Provided data>
··········

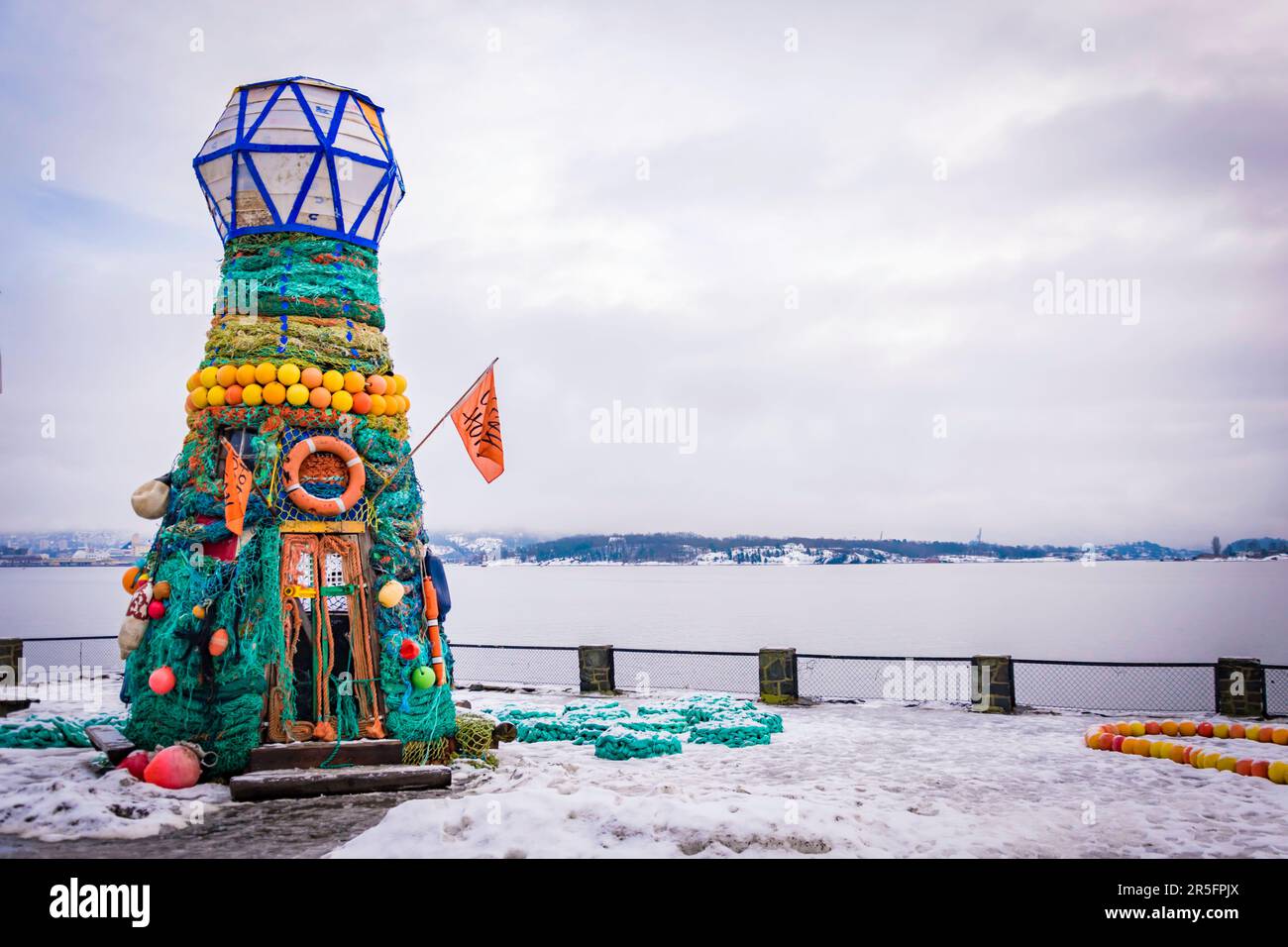 Scultura colorata di un faro del Fram Museum di Oslo, Norvegia, fatta di rifiuti di plastica Foto Stock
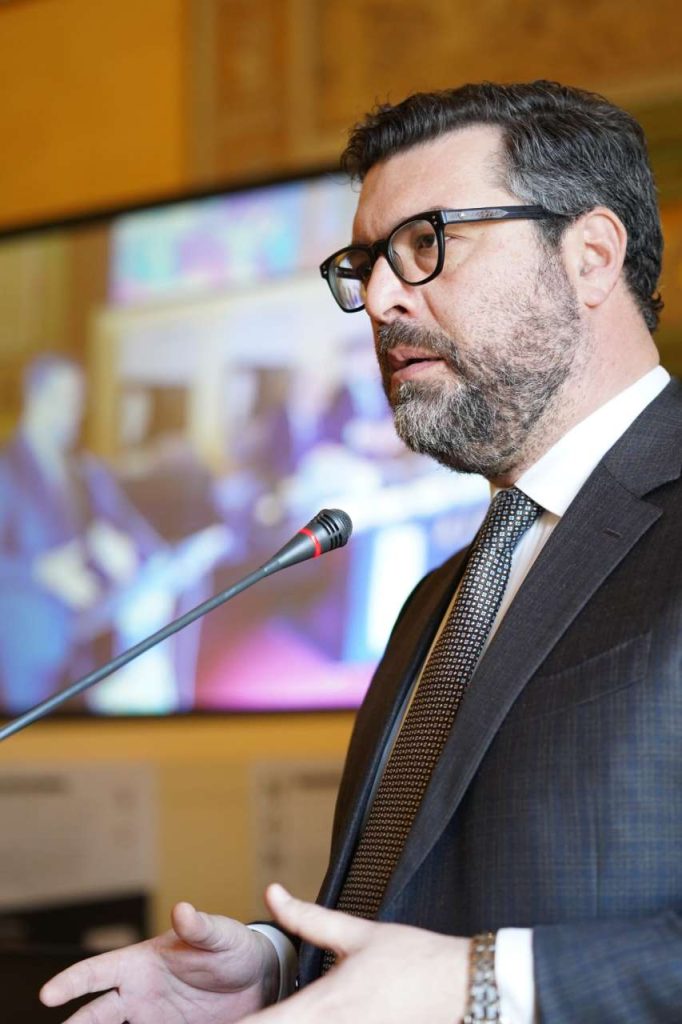 SICUREZZA NEGLI OSPEDALI A MESSINA – L’on. Antonio De Luca (M5S) chiede al Prefetto e al Questore di prolungare nelle ore notturne il presidio di Polizia all’interno dell’Ospedale Papardo
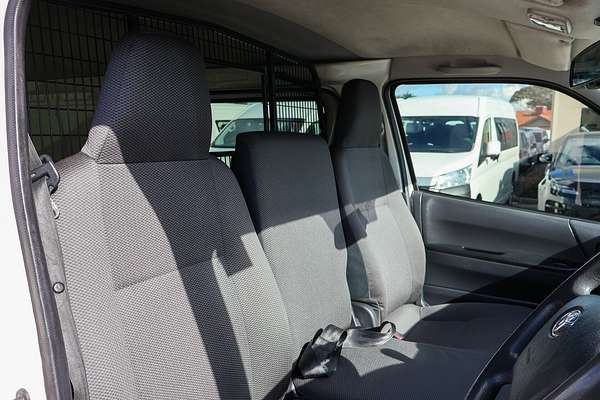 2013 Toyota Hiace TRH201R LWB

··········

Task to complete>
Return each line of the material exactly as written; exclude the pictures.

Answer>
 Scultura colorata di un faro del Fram Museum di Oslo, Norvegia, fatta di rifiuti di plastica Foto Stock
 SICUREZZA NEGLI OSPEDALI A MESSINA – L’on. Antonio De Luca (M5S) chiede al Prefetto e al Questore di prolungare nelle ore notturne il presidio di Polizia all’interno dell’Ospedale Papardo
 2013 Toyota Hiace TRH201R LWB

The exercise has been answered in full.